Previdenza, grossi nodi e strade sbagliate
La previdenza sarà sempre fra i temi centrali della legislatura. Dopo l’approvazione della 13. AVS e la bocciatura della riforma della LPP, restano grossi nodi da sciogliere, specialmente nel primo pilastro. Innanzitutto, il finanziamento della nuova rendita, sul quale Governo e Parlamento si trovano già in disaccordo, con il primo che chiede «misure immediate», mentre il secondo vuole prendersi il tempo necessario per gli approfondimenti del caso; quanto basta per rinviare sine die una soluzione e scombussolare l’ambiziosa tabella di marcia del Consiglio federale, che prevede il voto popolare sull’aumento dell’IVA nel mese di settembre del 2025. In secondo luogo, c’è l’iniziativa del Centro sulla soppressione del tetto delle rendite AVS per le coppie sposate. Anche in questo caso si stima un impatto miliardario.
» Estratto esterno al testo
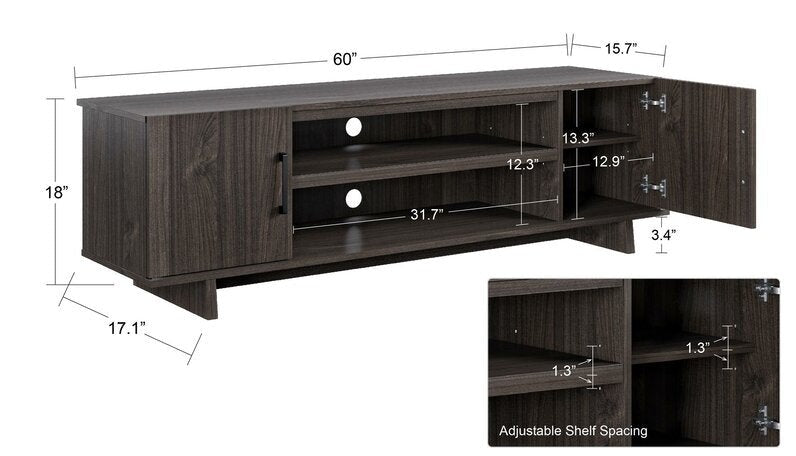 TV Console: Adam TV Stand for TVs up to 70"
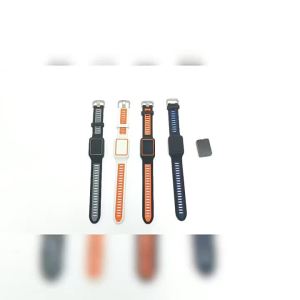 Dây Đeo Cổ Tay Bằng Silicon Có Thể Điều Chỉnh Cho Đồng Hồ Thể Thao Amazfit Helio Dây Đeo Thể Thao Mềm Có Thể Giặt Được Với Vỏ - Phụ Kiện Dây Đeo Đồng Hồ Thể Thao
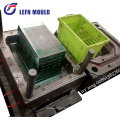 High speed Crate mould plastic basket injection mold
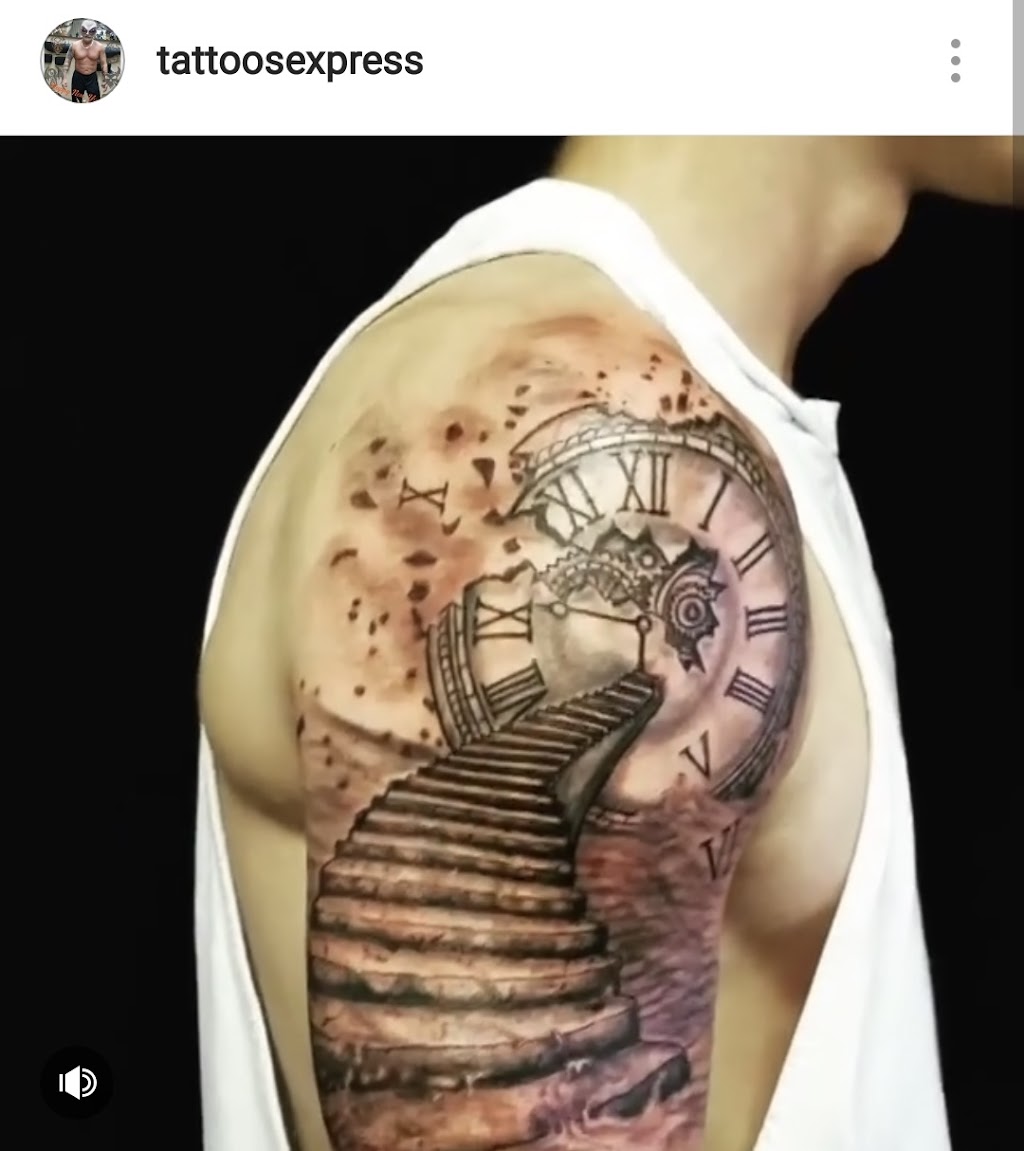 Tattoos Express FL LLC | 3800 US Hwy 98 N, Lakeland, FL 33809, USA | Phone: (407) 868-5779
Oggi i coniugi ricevono una rendita massima pari a una volta e mezza la singola, mentre i conviventi due rendite intere. Questo dibattito potrebbe intrecciarsi con quello già controverso sulle pensioni delle vedove, che il Governo vuole limitare per parità di trattamento verso gli uomini (e anche per risparmiare). Il presidente dell’UDC Marcel Dettling ha dichiarato ieri al «Blick» che il suo partito non si opporrà a questa misura, purché in cambio il tetto massimo per le coppie venga portato al 175% (una volta e tre quarti la rendita singola). L’impatto finanziario sarebbe inferiore a quello dell’iniziativa, ma comunque notevole.
Il Consiglio federale, infine, dovrà presentare entro la fine del 2026 un piano di ampia portata per stabilizzare le finanze dell’AVS nel prossimo decennio. In questo contesto, già di per sé complicato, potrebbe inserirsi a breve termine un confronto sull’imposizione fiscale dei prelievi di capitale dal secondo e dal terzo pilastro al momento del pensionamento. Il Consiglio federale è intenzionato a riprendere - in che modo, in concreto, non è chiaro - la proposta del gruppo di esperti sui risparmi, che vede nella riduzione dei vantaggi fiscali concessi oggi agli assicurati un mezzo per incamerare almeno 220 milioni di franchi all’anno. Questa mossa ha già provocato una levata di scudi fra i partiti borghesi e sollevato qualche perplessità persino a sinistra. Per mettere sotto pressione il Consiglio federale, il PLR ha lanciato una petizione che ha raccolto più di 40 mila firme e che di fatto contesta i due «ministri» liberali.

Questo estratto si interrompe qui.